Much of the theoretical work on speech perception was done in the twentieth century without the benefit of neuroimaging technologies and models of neural representation. Recent progress in understanding the functional organization of sensory and association cortices based on advances in neuroimaging presents the possibility of achieving a comprehensive and far reaching account of perception in the service of language. At the level of cell assemblies, research in animals and humans suggests that neurons in the temporal cortex are important for encoding biological categories. On the cellular level, different classes of neurons (interneurons and pyramidal neurons) have been suggested to play differential roles in the neural computations underlying auditory and visual categorization.
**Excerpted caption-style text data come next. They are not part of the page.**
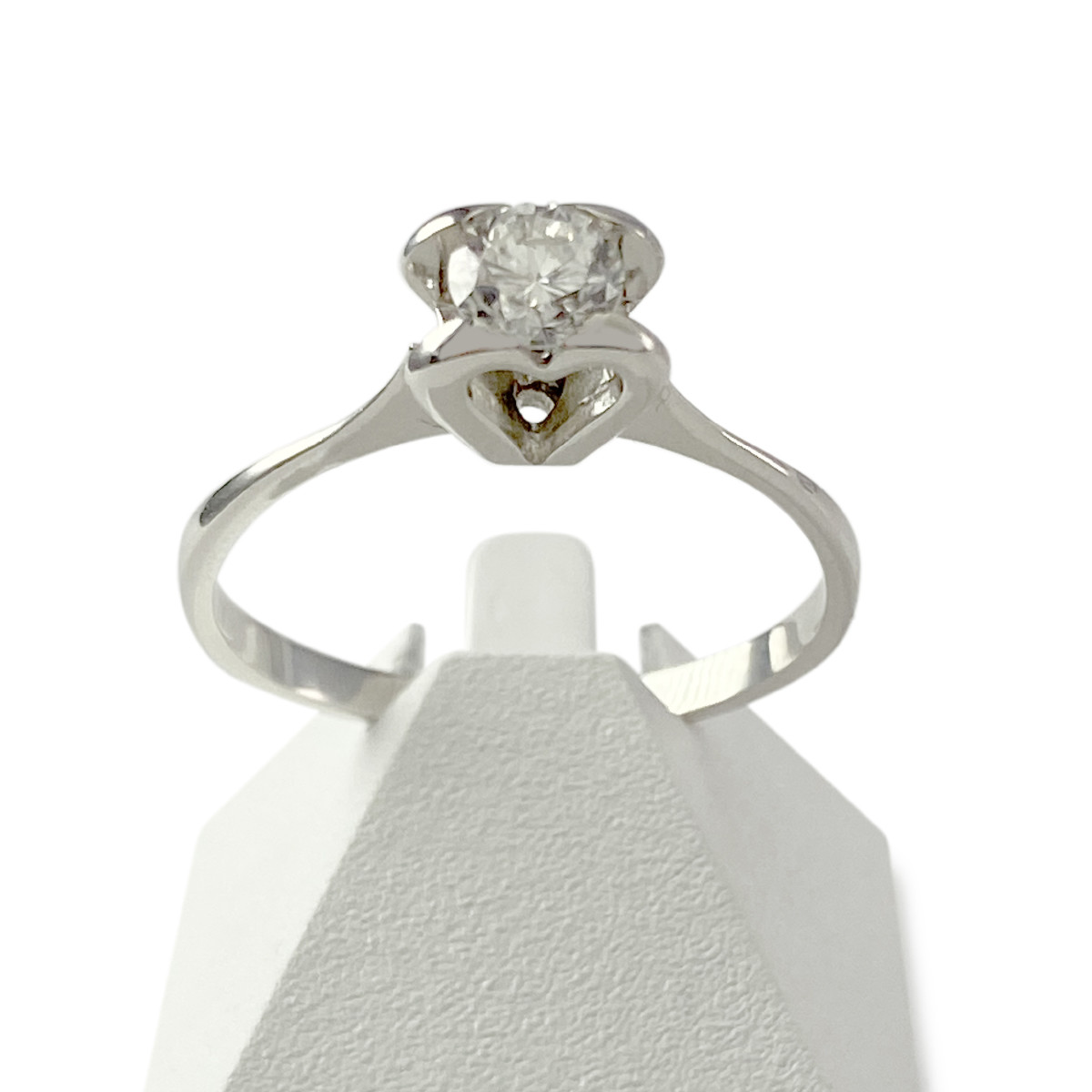 Solitaire d'occasion or 750 blanc diamant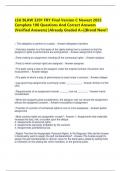 LSU BLAW 3201 FRY Final Version C Newest 2025 Complete 100 Questions And Correct Answers &lpar;Verified Answers&rpar; &vert;Already Graded A&plus;&vert;&vert;Brand New&excl;&excl;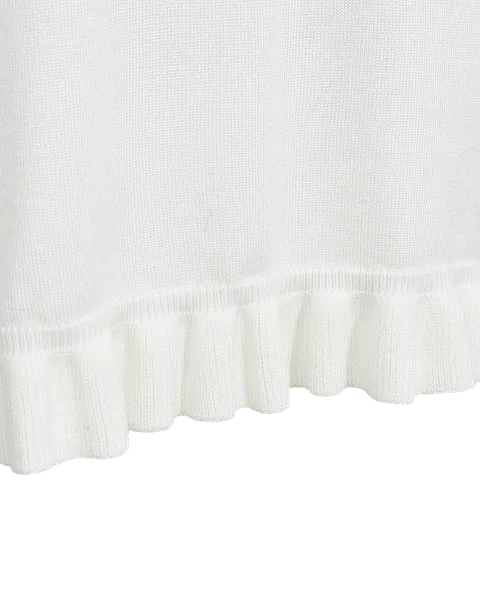 Hovedbilde KATIE GENSER M/FRILL - OFFWHITE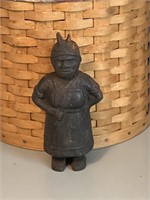 Vintage Cast Iron Coin Bank African?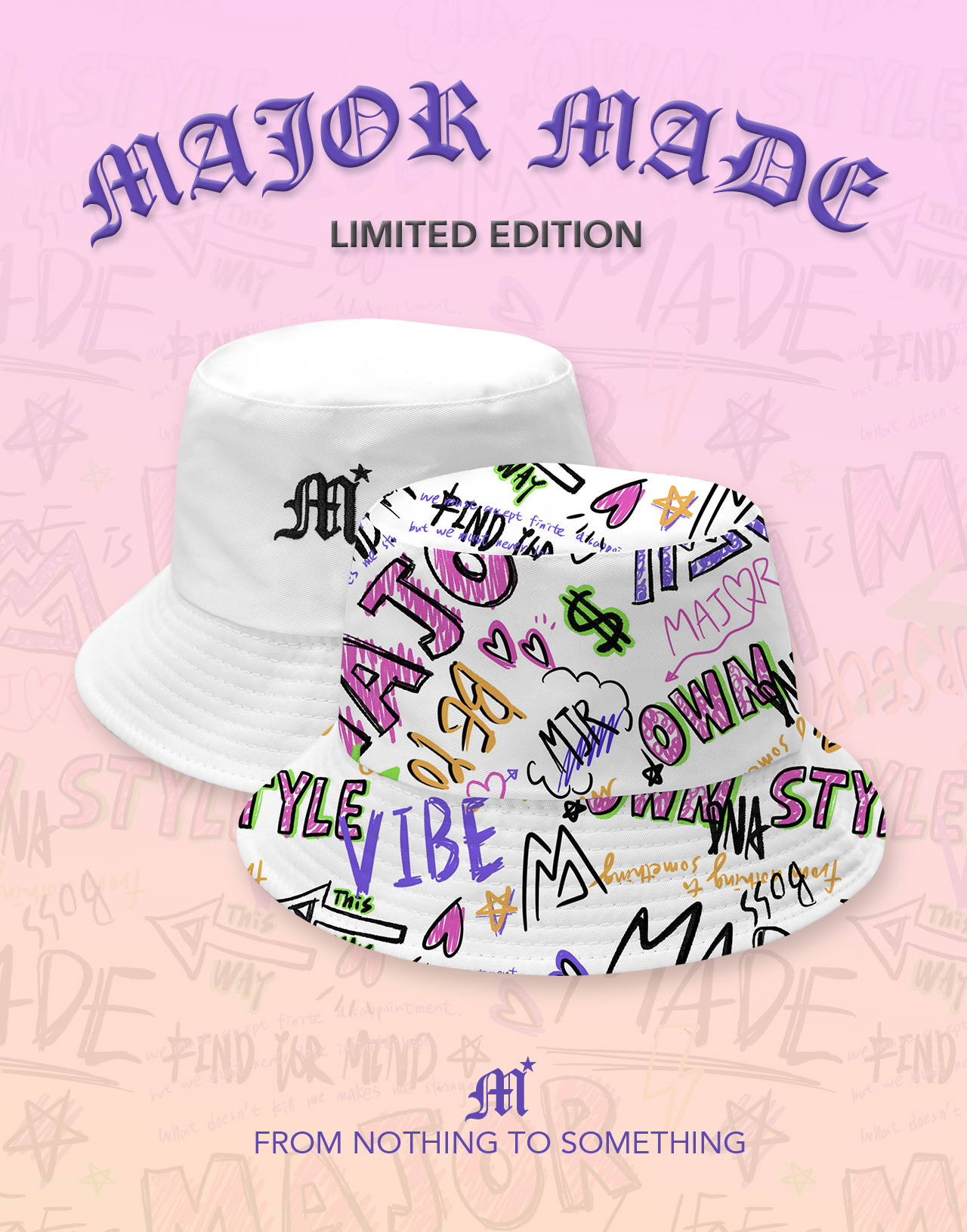 塗鴉藝術雙面戴漁夫帽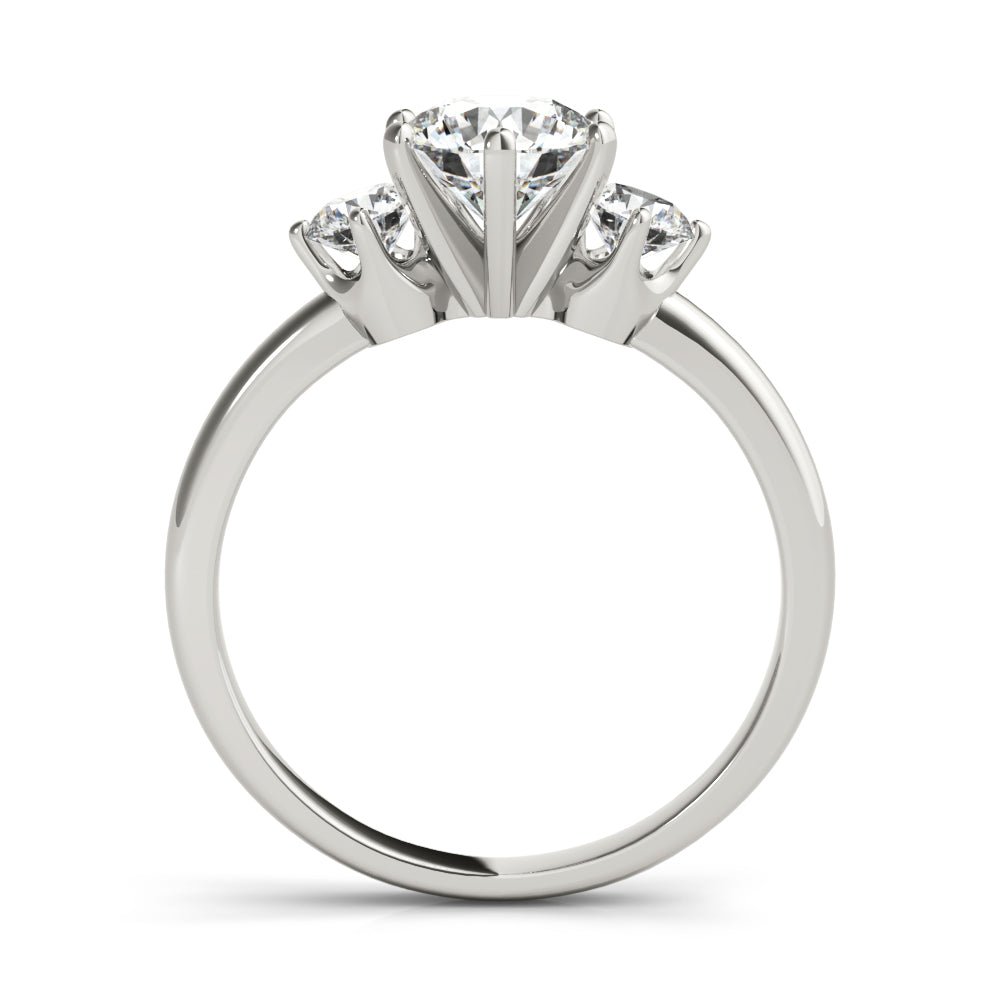 0.75CTW 14K Gold Ladies 3 Stone Past, Present, Round Brilliant Cut Diamond Ring - Past, Present, Future - Design Jewellers Edmonton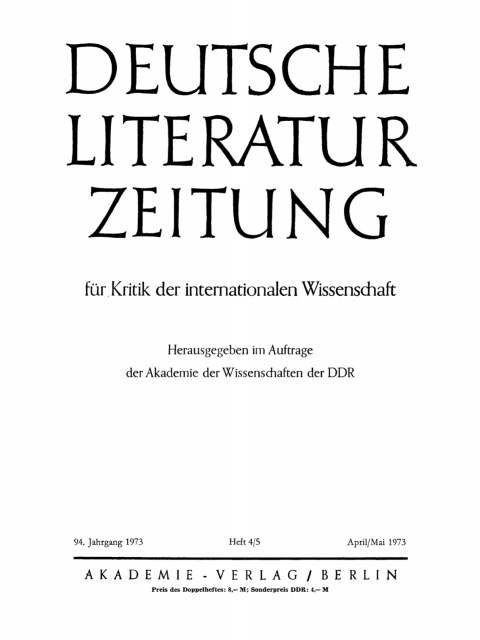 Cover image for book April/Mai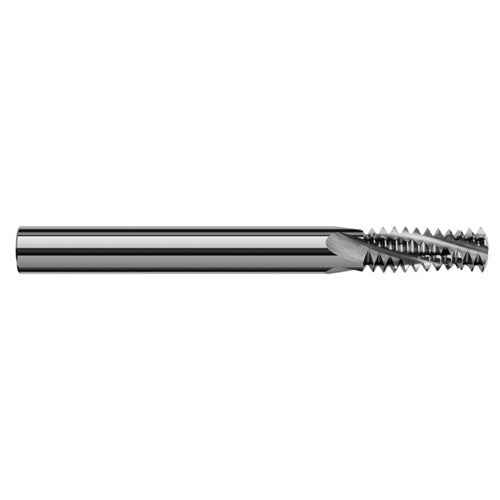 ‎0.2850″ Cutter Diameter × 0.7500″ (3/4″) Length of Cut Carbide Multi-Form 3/8″-24 Thread Milling Cutter, 4 Flutes - Exact Industrial Supply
The moment is ripe for a research topic focused on neural mechanisms mediating the emergence of speech representations (including auditory, visual and even somatosensory based forms). Important progress can be achieved by juxtaposing within the same research topic the knowledge that currently exists, the identified lacunae, and the theories that can support future investigations. This research topic will provide a snapshot and platform for discussion of current understanding of neural mechanisms underlying the formation of perceptual categories and their relationship to language from a multidisciplinary perspective. We solicit contributions (reviews, original research, methodological developments) pertaining to the neural substrates, dynamics, and mechanisms underlying perceptual categorization and their interaction with neural processes governing speech perception. The topic extends to animal research, research on disease conditions affecting speech categorization, speech categorization in typical and atypical development of language, and category learning. Of particular interest are differences and commonalities between neural representations of auditory and visual (nonlinguistic) versus linguistic categories and the importance of multisensory processing in speech category learning.